Linguistique et philosophie logique du langage : deux
traditions de pensée que bien des choses opposent. La
première plutôt mentaliste, est orientée vers l'étude de la
syntaxe ; la seconde, plus préoccupée de sémantique, cherche
volontiers le sens dans les conditions de vérité des phrases.

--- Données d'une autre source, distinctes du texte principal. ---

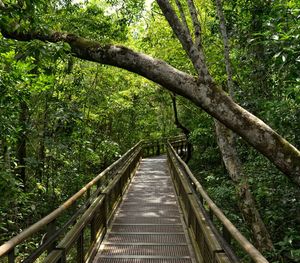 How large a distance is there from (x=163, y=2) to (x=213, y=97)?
1694 millimetres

Ce portrait n'est pas faux, mais incomplet : entre logique
et linguistique, les relations n'ont pas été, ne sont pas, que
d'opposition. Dans cet ouvrage, nous proposons une sorte
d'histoire conceptuelle des interactions fécondes entre ces deux
disciplines au cours du XX<sup>e</sup> siècle. La première partie, consacrée
à la notion de catégorie sémantique et/ou syntaxique, raconte
comment les théories a priori de la signification (Husserl, Frege,
Russell) ont progressivement donné lieu au programme des
grammaires catégorielles, d'inspiration plus descriptive et
empirique.
La deuxième partie traite d'un autre épisode, datant
des années 50-70, et lié à la naissance des grammaires génératives
: celui au cours duquel l'opposition entre l'autonomie de
la syntaxe, thèse avancée par Chomsky, et l'idée de la priorité
conceptuelle de la sémantique, soutenue par des logiciens
comme Montague, vient au premier plan.
Enfin la troisième partie traite des recherches
contemporaines concernant l'étude des expressions indéfinies
et des relations anaphoriques qu'elles soutiennent, thème où se
dessinent des convergences nouvelles entre analyse logique
et linguistique : la compréhension des rapports entre généralité
et référence dans les langages naturels y gagnera certainement
en finesse et en adéquation empirique.